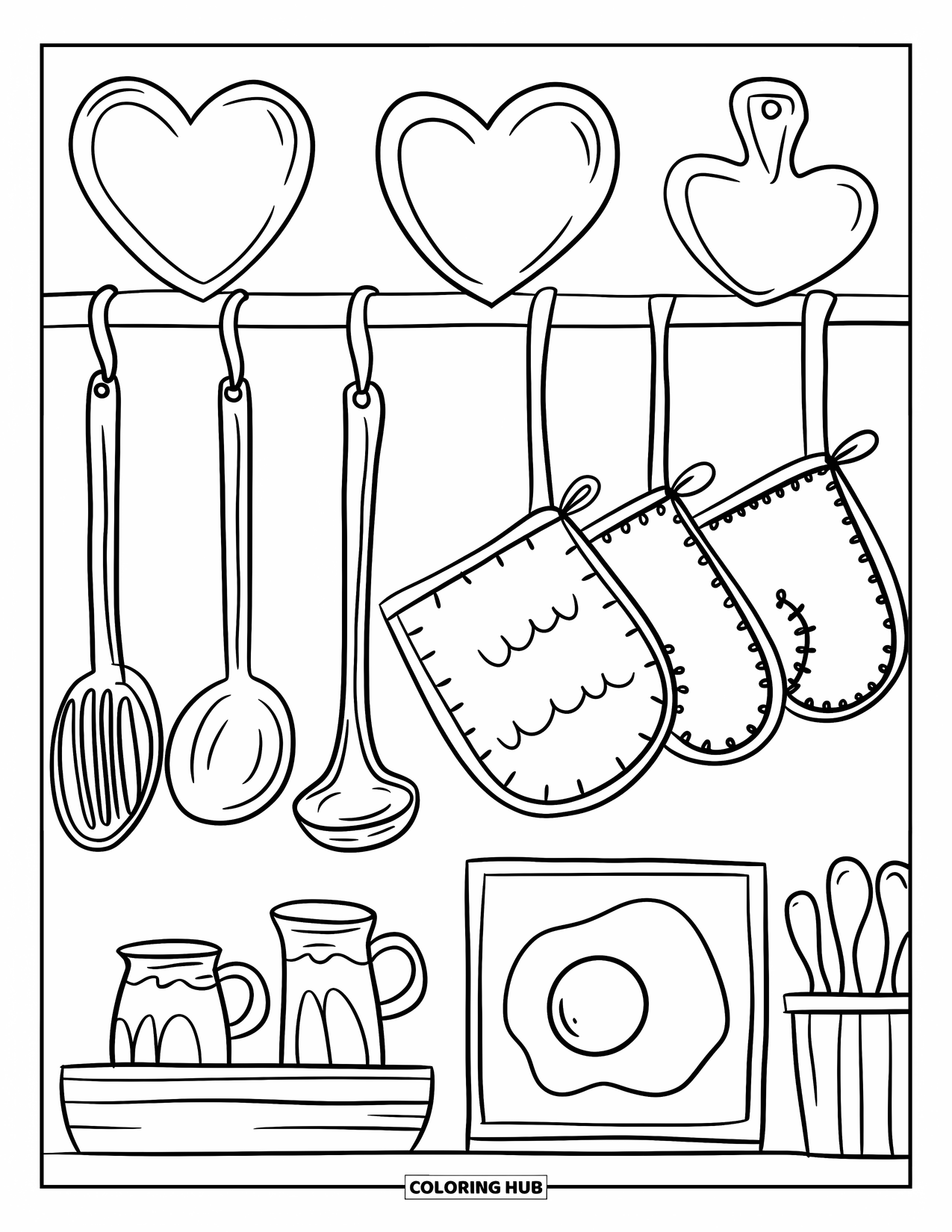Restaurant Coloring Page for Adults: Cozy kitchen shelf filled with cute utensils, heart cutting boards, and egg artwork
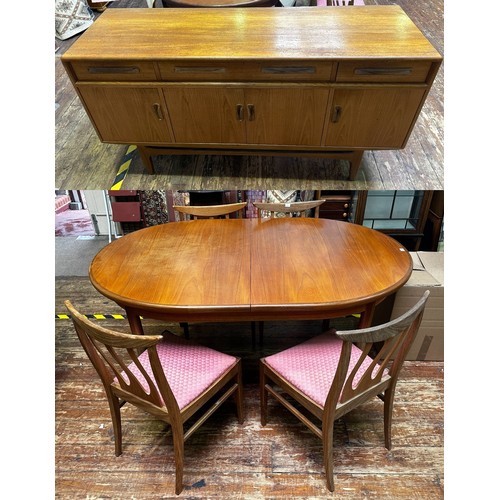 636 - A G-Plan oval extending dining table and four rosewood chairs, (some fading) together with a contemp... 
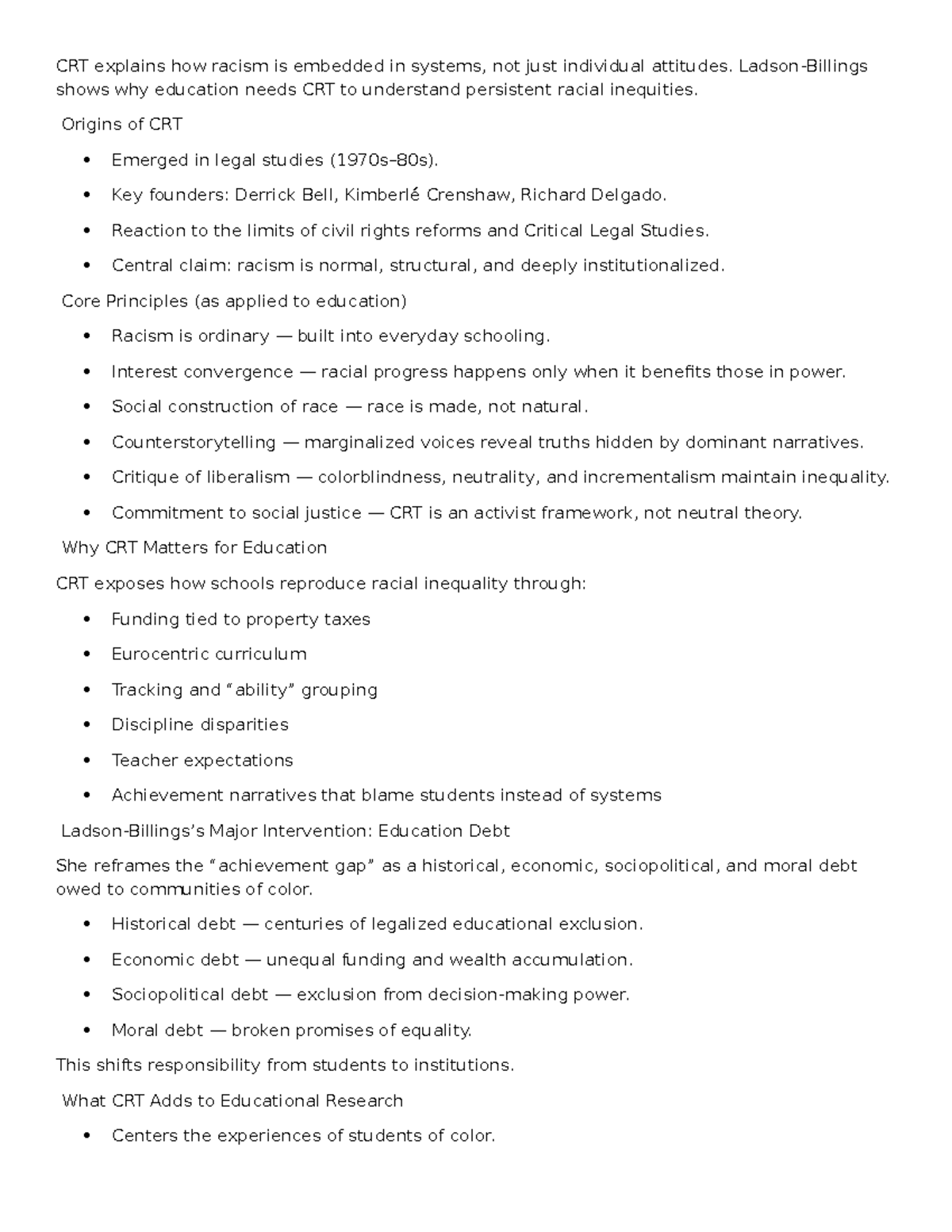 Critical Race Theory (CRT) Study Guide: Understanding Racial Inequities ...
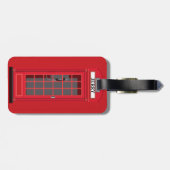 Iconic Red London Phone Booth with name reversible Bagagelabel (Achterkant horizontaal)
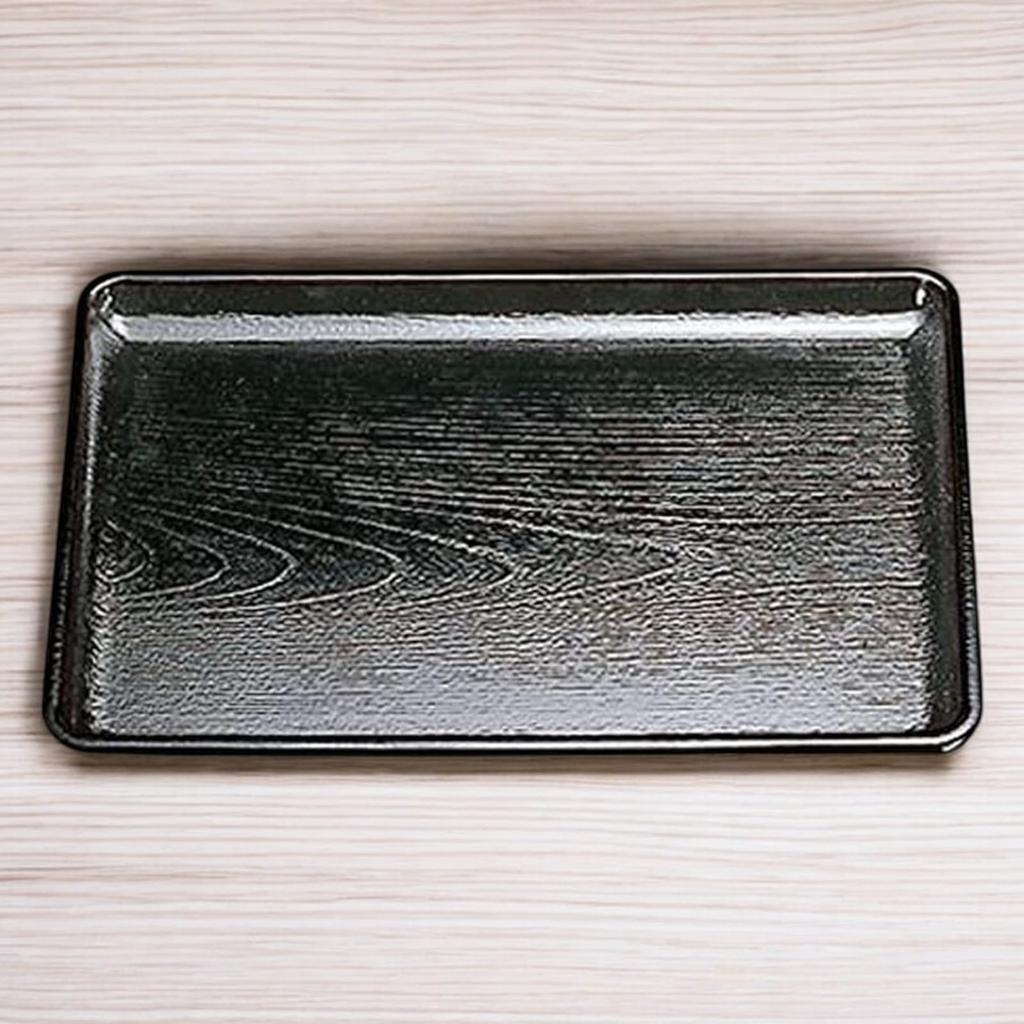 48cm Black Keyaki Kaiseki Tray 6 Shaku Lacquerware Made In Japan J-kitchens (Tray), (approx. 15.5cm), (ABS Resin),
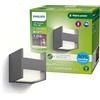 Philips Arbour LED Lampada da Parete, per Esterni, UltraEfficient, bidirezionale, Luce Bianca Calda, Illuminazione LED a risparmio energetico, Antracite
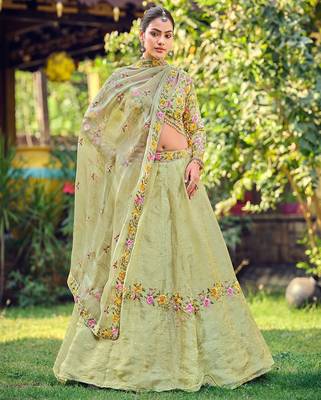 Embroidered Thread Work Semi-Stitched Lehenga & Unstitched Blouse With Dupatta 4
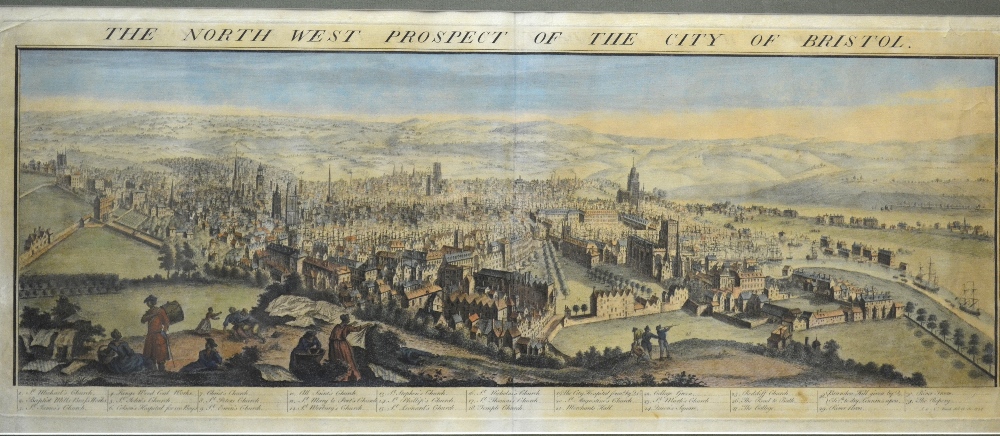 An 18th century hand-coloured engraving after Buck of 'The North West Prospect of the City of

**EXERCISE INSTRUCTIONS**
The lines wanted run from the line containing "636 - A G-Plan" through the end of the entries; return them exactly, both ends included, and keep pictures out.

**ANSWER SECTION**
 636 - A G-Plan oval extending dining table and four rosewood chairs, (some fading) together with a contemp... 
 Critical Race Theory (CRT) Study Guide: Understanding Racial Inequities ...
 Iconic Red London Phone Booth with name reversible Bagagelabel (Achterkant horizontaal)
 48cm Black Keyaki Kaiseki Tray 6 Shaku Lacquerware Made In Japan J-kitchens (Tray), (approx. 15.5cm), (ABS Resin),
 Philips Arbour LED Lampada da Parete, per Esterni, UltraEfficient, bidirezionale, Luce Bianca Calda, Illuminazione LED a risparmio energetico, Antracite
 Embroidered Thread Work Semi-Stitched Lehenga & Unstitched Blouse With Dupatta 4
 An 18th century hand-coloured engraving after Buck of 'The North West Prospect of the City of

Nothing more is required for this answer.